With Spring in the air I’ve been making some changes (or trying to) on my personal technology use. It’s been a mixed bag of success, which leaves me currently caught in transition — not quite ready to let go of the old and not fully embracing the new.
First off, Chrome for Mac is at the point where it’s usable and I’m starting to switch over to it. As a browser, it lives up to its reports — fast, stripped down, easy to use. My bookmarks were easy to transfer, too. I don’t love how Chrome handles their bookmark display but I’m adjusting fairly easily. And I like the choice of themes, they are much nicer looking that the Firefox themes.
What’s been keeping me from full-out Chrome adoption is that I have a huge pile of passwords stored in Firefox and Xmarks and getting them ported over hasn’t worked. Some of my friends have told me that they should be portable, but so far I haven’t found the setting or application that will help me do it.
This raises the whole issue of password management.

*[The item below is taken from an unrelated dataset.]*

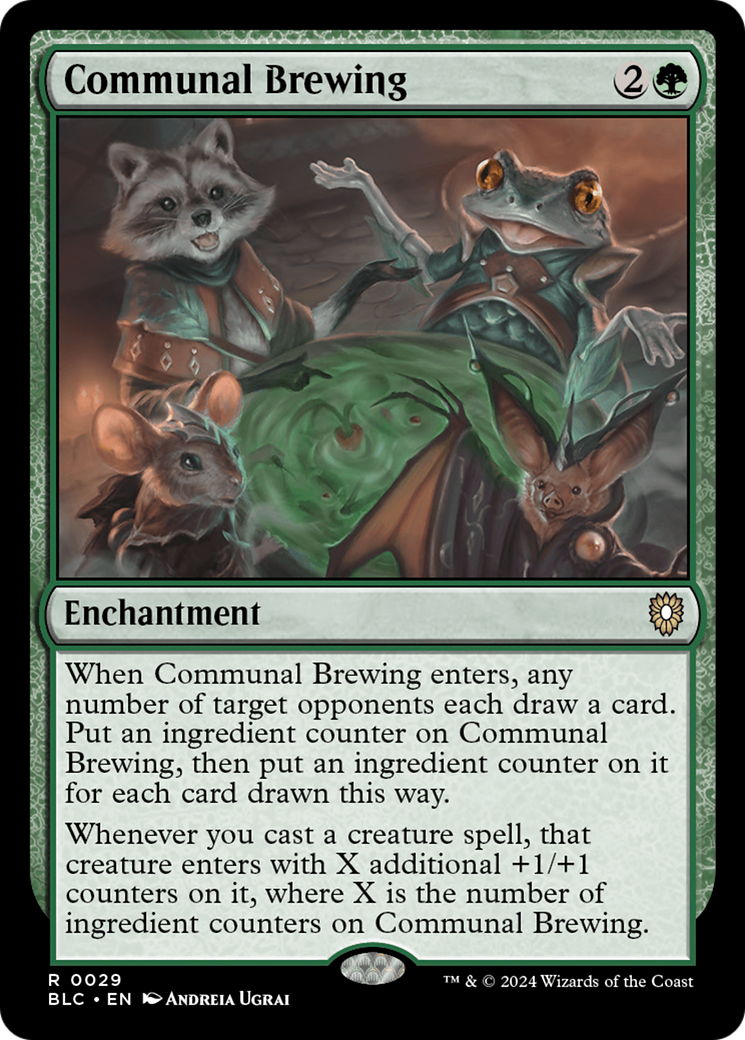 Communal Brewing [Bloomburrow Commander]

Like many people who try to be reasonably secure with my passwords, I have a lot of them and if I don’t visit a site frequently I don’t always remember what password I used. Hence I’ve gotten pretty dependent on tools to help me manage them all (which is also a possible source of insecurity, I know). I haven’t tried 1Password or LastPass yet but I probably should. (Got any suggestions?)
I expect I’ll make a full transition pretty soon but sometimes it’s just easier to open a page in Firefox than try to remember exactly what password I used for what site. So for now I’m still switching between the two.
I’ve also been giving Windows 7 a look. Boot Camp makes trying Win7 on my MacBook Pro pretty painless, so I created a new partition on my personal laptop and installed a copy.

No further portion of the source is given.